很多時候想通過.NET調用一些C/C++寫的庫,但是一直都不知道怎么弄。去網上找了一些資料,大多數是教如何通過托管C++和非托管C++的混合編程來完成C/C++的的類庫的.NET Wrapper。
有的時候用C#來實現一個功能的時候,可能要調用windows api,往往都是到網上現查代碼,然后粘過來使用,沒有細研究到底是怎么做到的。
最近一個朋友用到分詞,所以就研究了一些中科院提供的中文分詞軟件,詳情請訪問http://ictclas.org/。用了一下還挺好用的,速度沒有測試,感覺應該用於學術研究肯定是沒有問題的,如果要用到項目中,我覺得還是公司自己實現會比較好。

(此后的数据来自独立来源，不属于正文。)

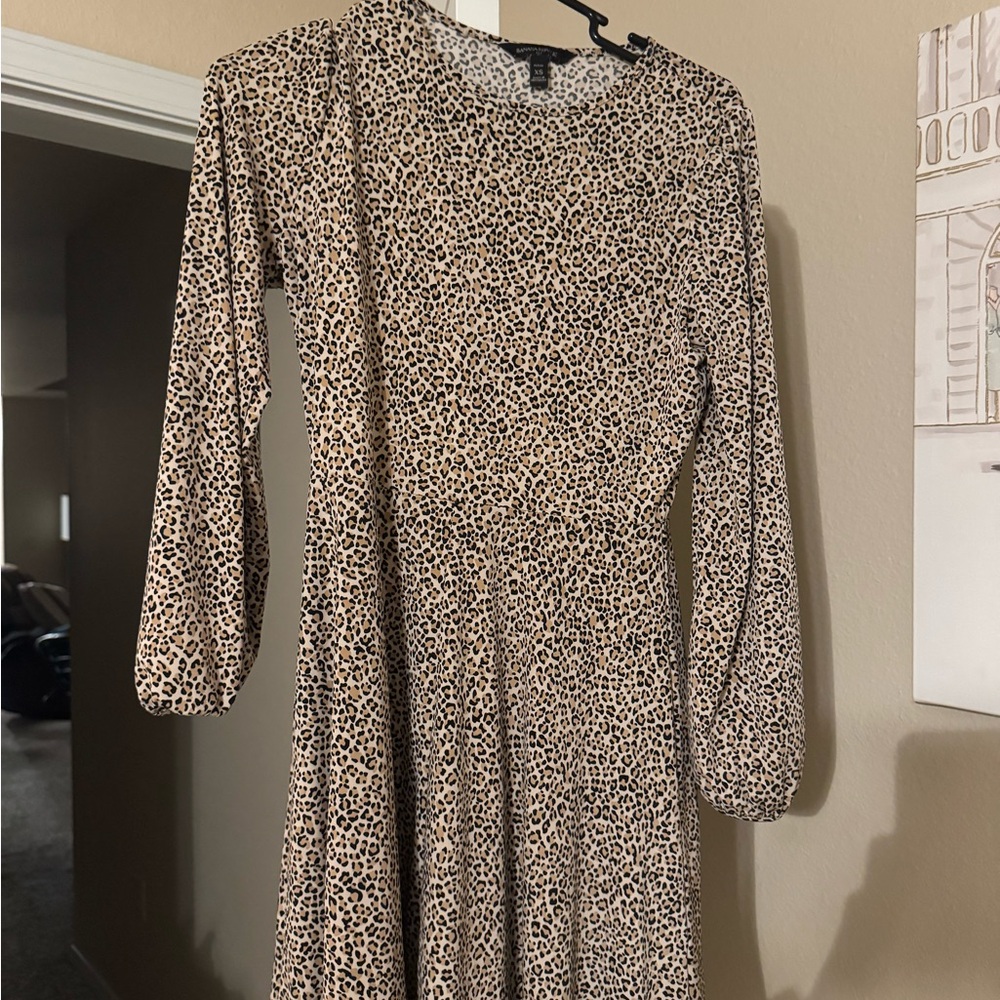 Banana Republic Leopard Print Long Sleeve Skater Dress - Beige/Black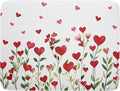 Valentines Day Dish Drying Mat for Kitchen Counter 24x18 Inch Green Red Heart by Trongr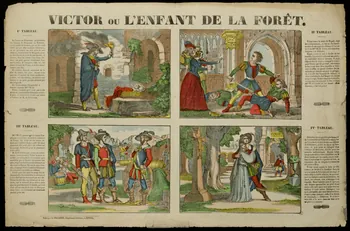 Pellerin estampe (à compartiments : 2x2) VICTOR OU L'ENFANT DE LA FORET. Lorraine, France 1837 1950.21.493 Photo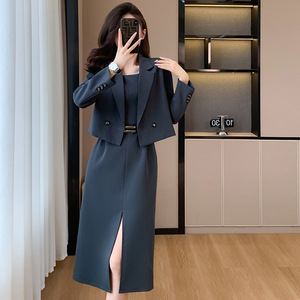 Women's Short Sleeve Suit Set Autumn Casual Satin Anti-Wrinkle Professional Stylish Pants Jacket For Petite Figures - Product Image 2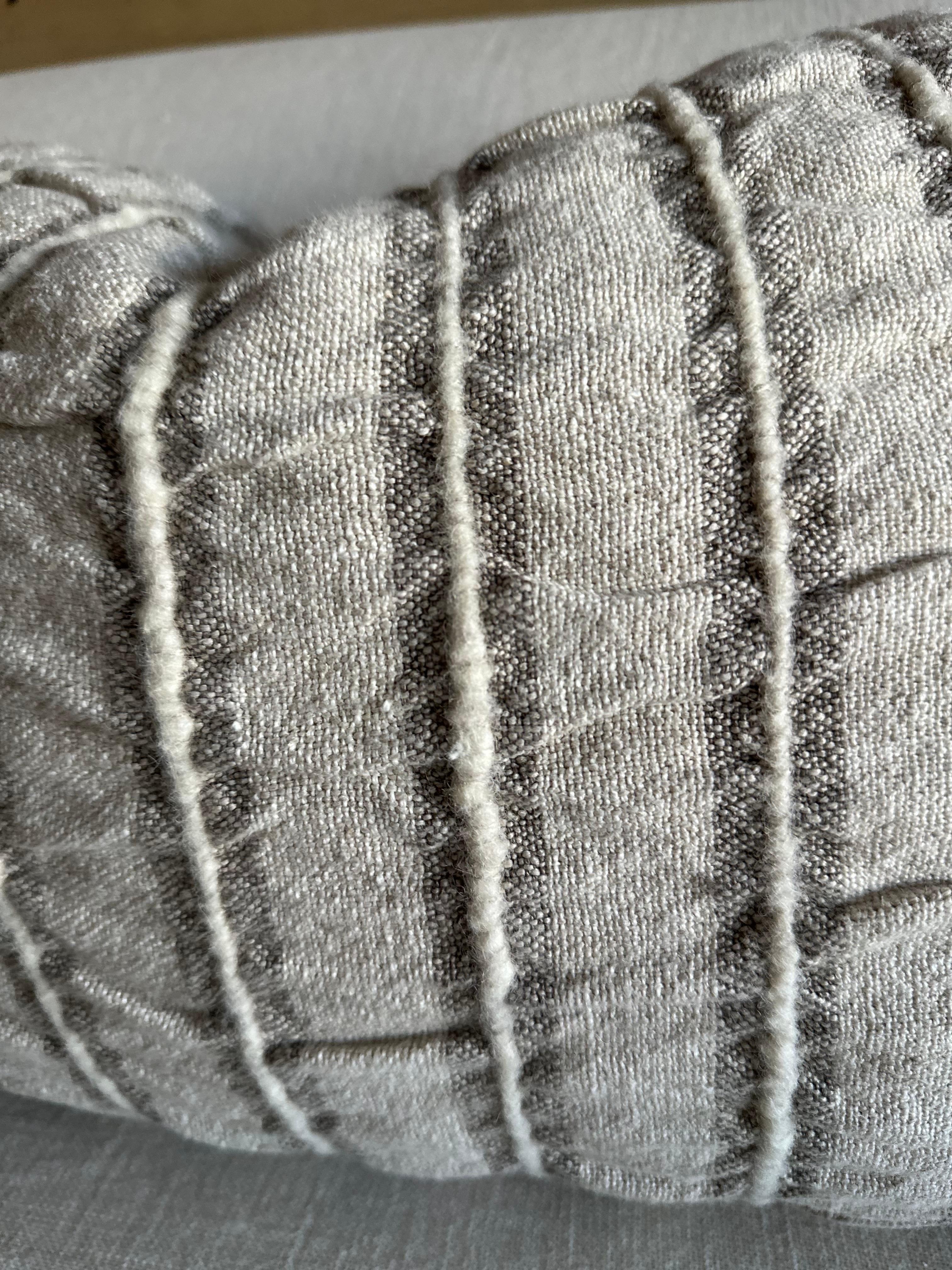 Belgian Belgium Linen and Wool Pillow in Gray Stripe Lumbar For Sale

可惜該組件沒有提供.NET的版本的,只有C++的和Java版本的(java版也是通過調用本地c語言的版本)。給的開發包中有一個編譯好的dll庫。
想想之前調用windows api的時候,不正是從一些系統的dll中導入函數,然后再通過C#代碼進行調用的嗎?想到這里,我就覺得我可以通過導入該分詞dll中的函數用C#來完成改程序的wrapper。
說干就干,我試着導入了幾個簡單的函數,發現可以調用,感覺非常好,然后花了一段的時間給這個庫寫了.NET Wrapper,方便自己以后用C#調用該接口來分詞。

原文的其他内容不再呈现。